Reproduce exactly the entries from the "Nike Womens Shox" line to the end. Skip all pictures.

┌─ THE RECORDS

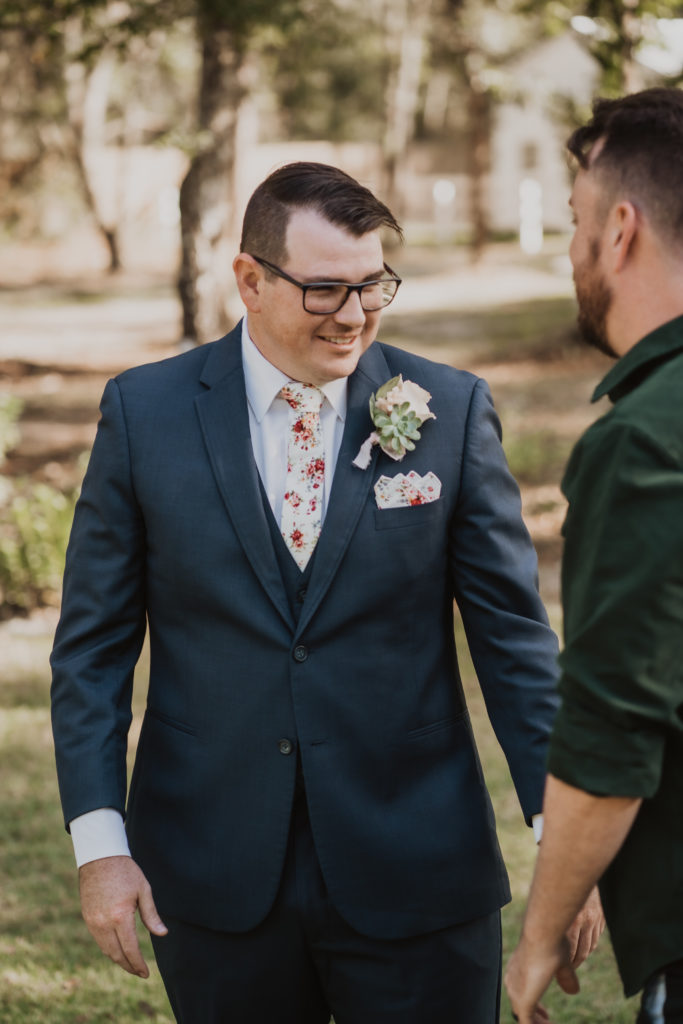 groom laughing at chandler oaks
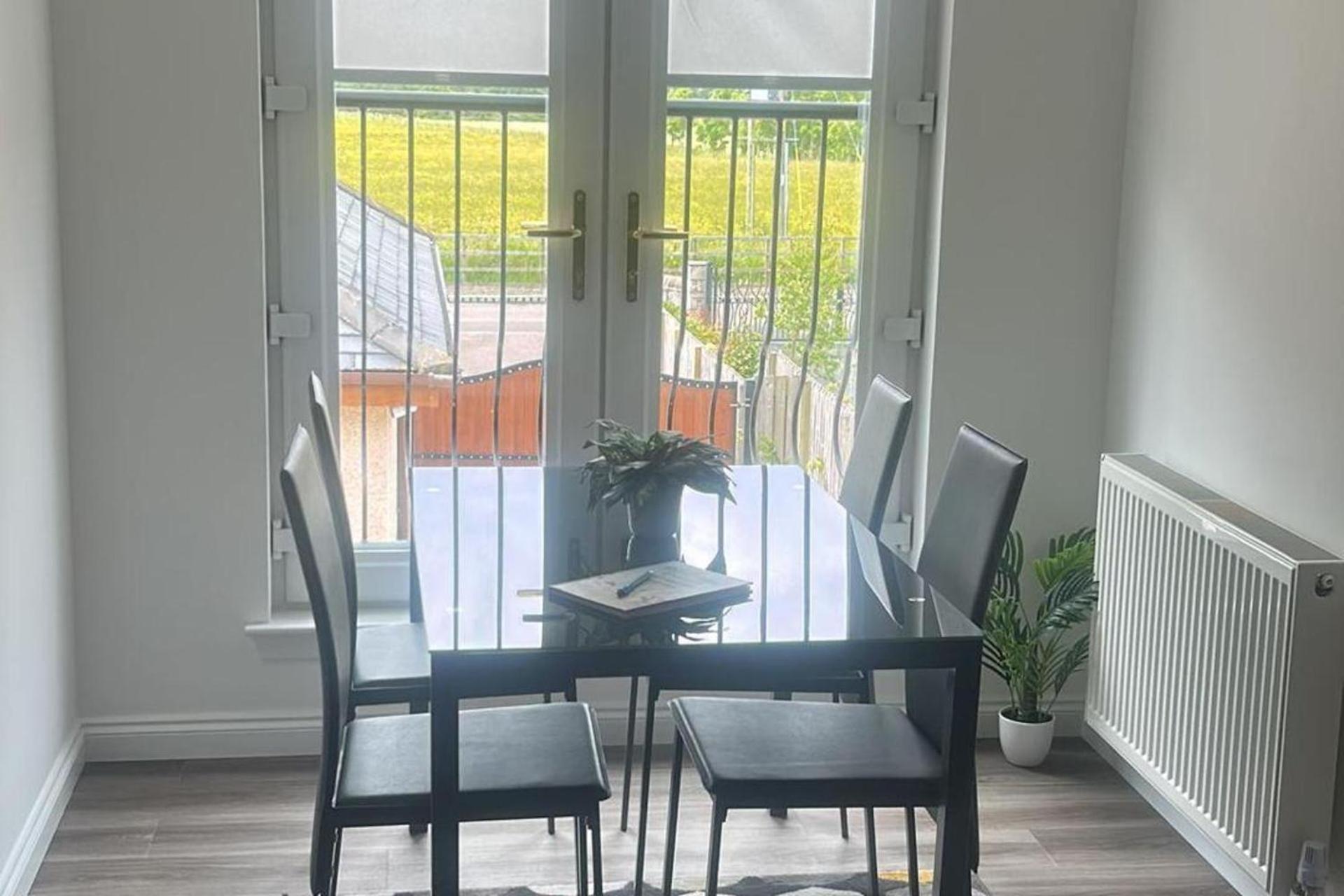 Lanarkshire Apartment- Views- Sleeps 4- Balcony Larkhall  Eksteriør billede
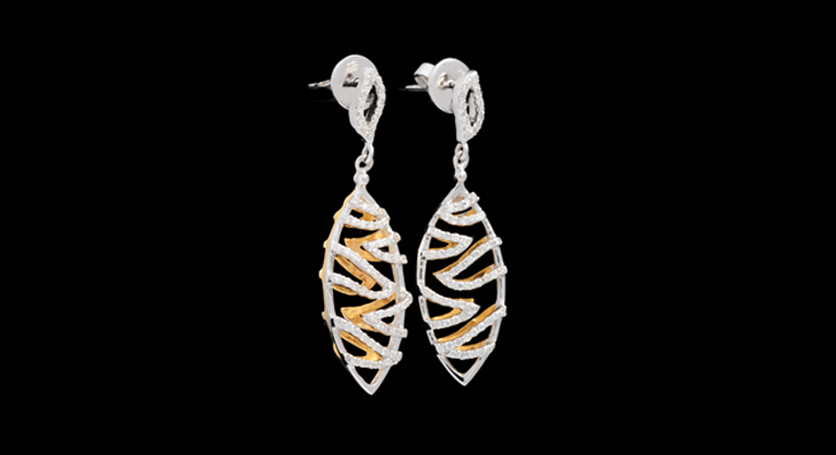 18K White and Yellow Gold with Diamond Earring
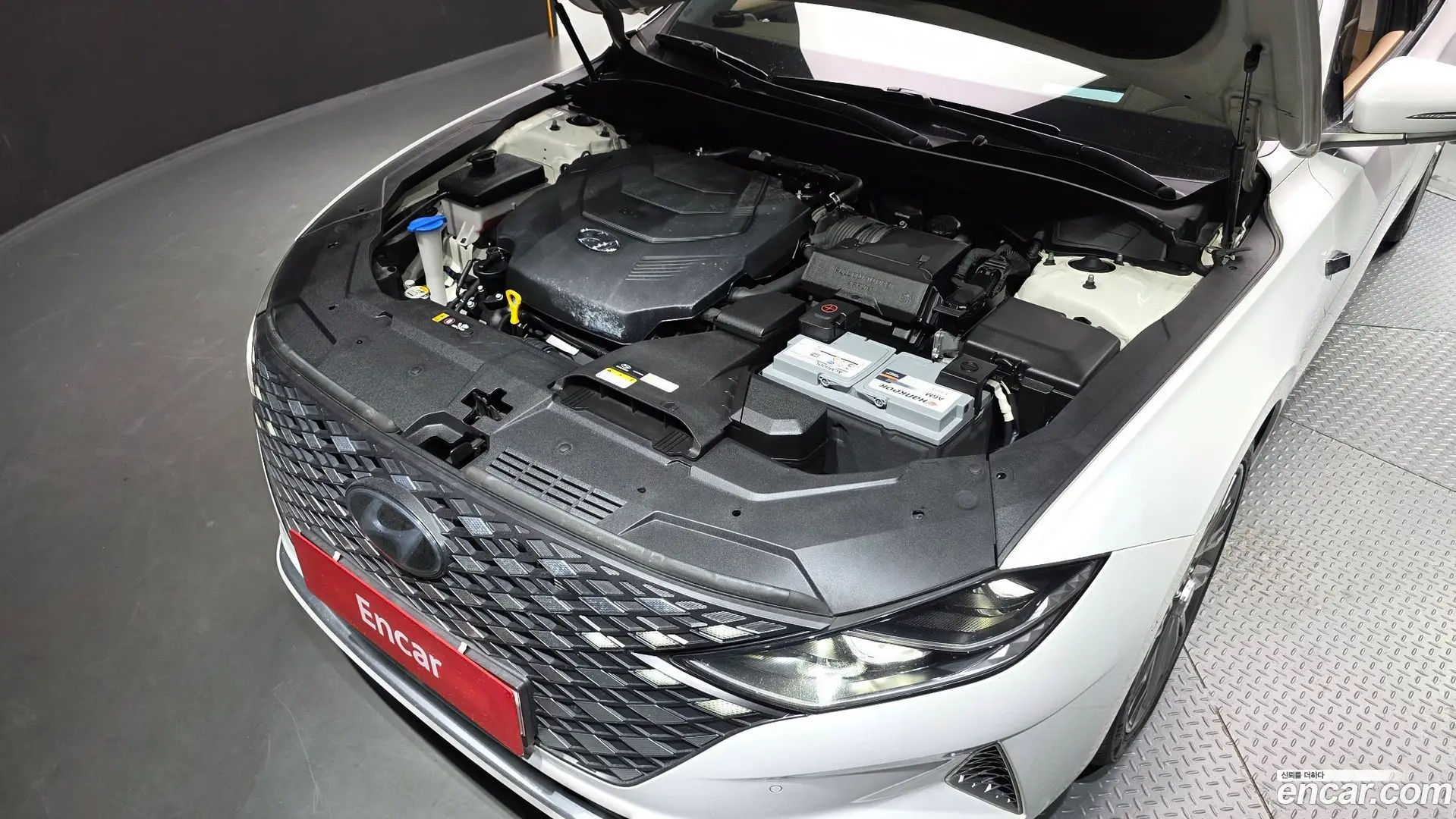 Hyundai Grandeur 3.3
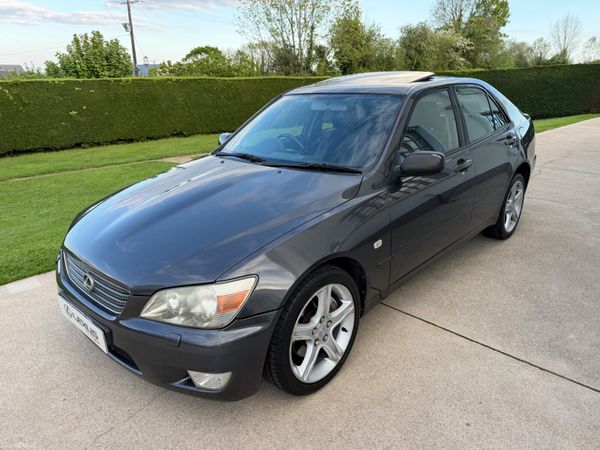 Lexus IS Saloon, Petrol, 2001, Grey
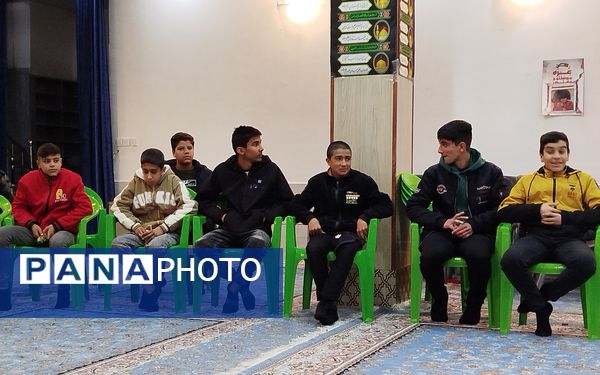  جلسه هم اندیشی برگزاری مدرسه انقلاب  در انجمن اسلامی کاشمر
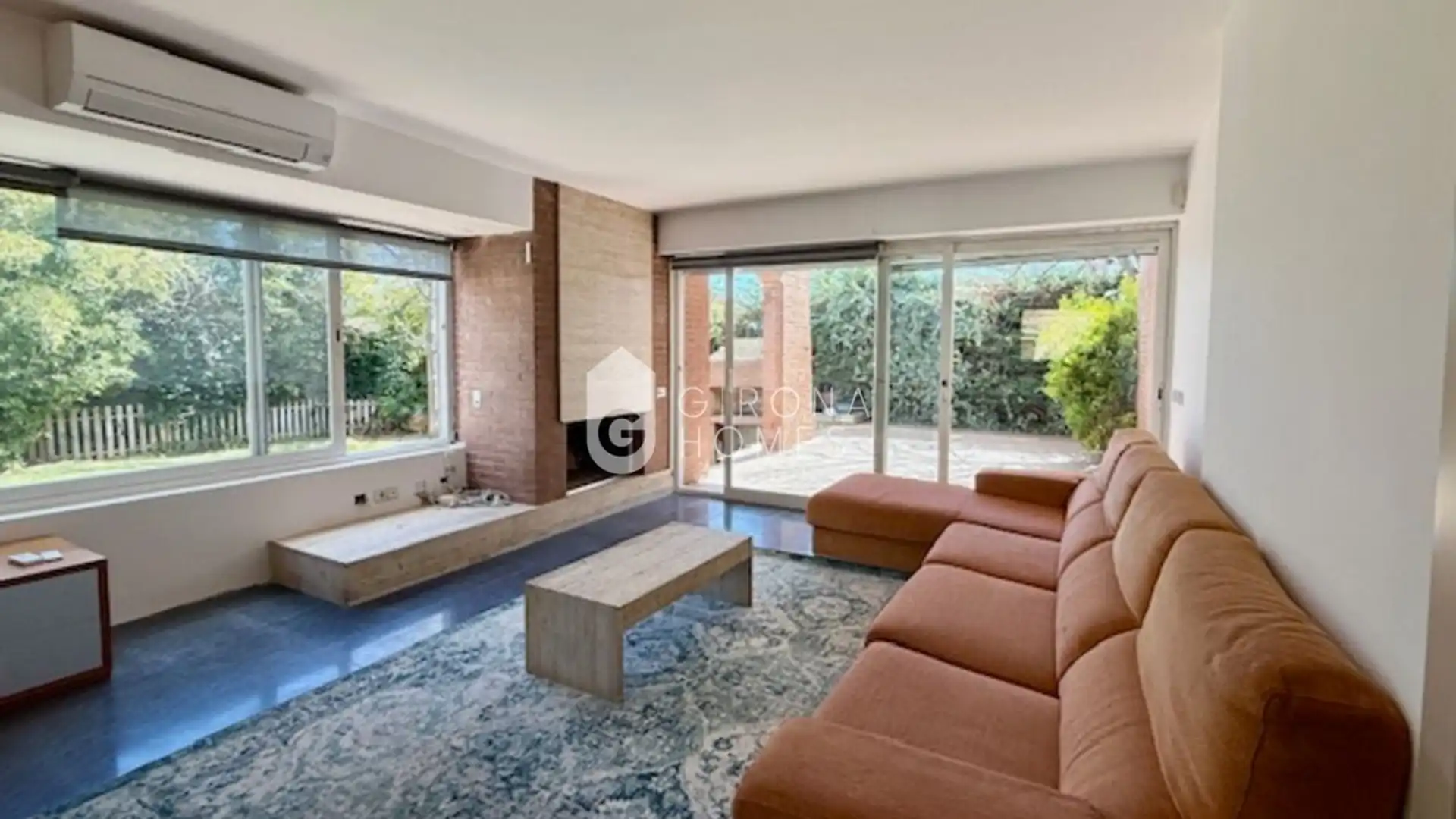 Sala d'estar de Casa o xalet de lloguer en Fornells de la Selva amb Aire condicionat, Calefacció i Jardí privat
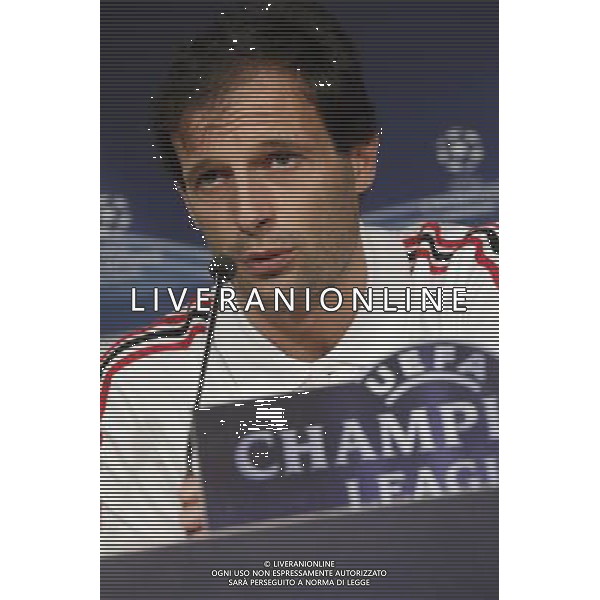 MADRID 18/10/2010.- Clarence Seedorf and Massimiliano Allegri, press conference before tomorrow\'s champions league match Real Madrid vs Milan. Photo: Cesar Cebolla / ALFAQUI - AG. ALDO LIVERANI SAS ITALY ONLY MADRID - CONFERENZA STAMPA MILAN CALCIO PRIMA DELLA PARTITA DI CHAMPIONS LEAGUE CONTRO IL REAL MADRID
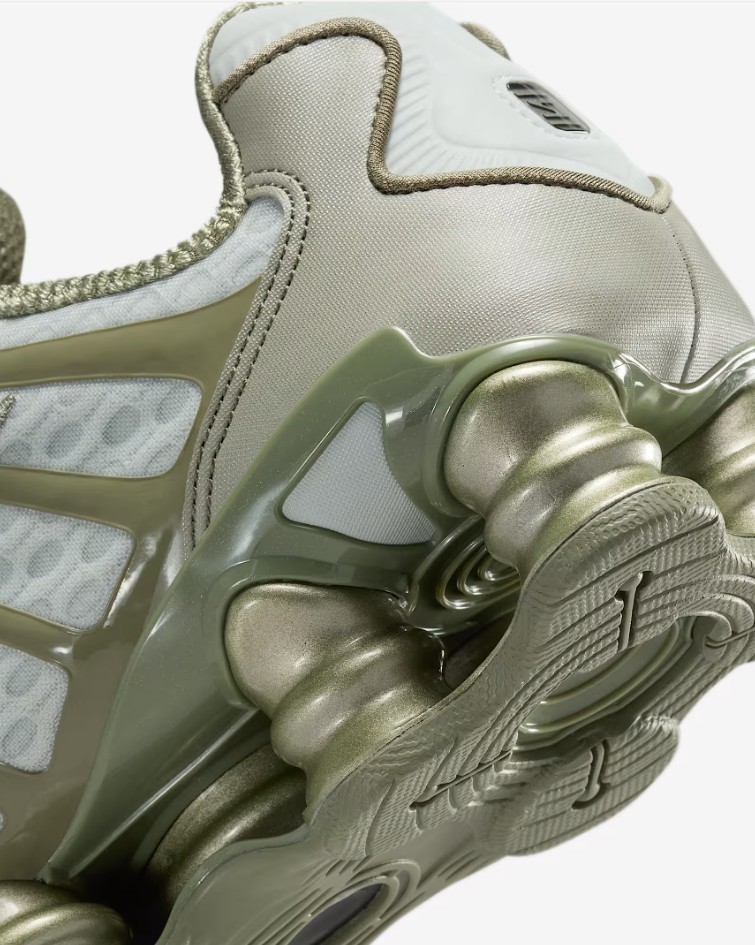 Nike Womens Shox TL Light Army AR3566-006 Sneakers - Light Slv/Light Army Size 8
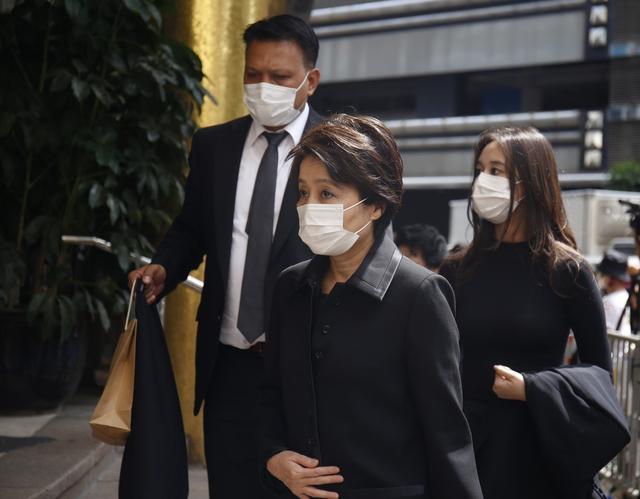 何超仪|赌王葬礼子女们全累垮，离场时个个双眼无神，画面曝光不忍目睹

└─

▸ **EXERCISE ANSWER**:
 Nike Womens Shox TL Light Army AR3566-006 Sneakers - Light Slv/Light Army Size 8
 何超仪|赌王葬礼子女们全累垮，离场时个个双眼无神，画面曝光不忍目睹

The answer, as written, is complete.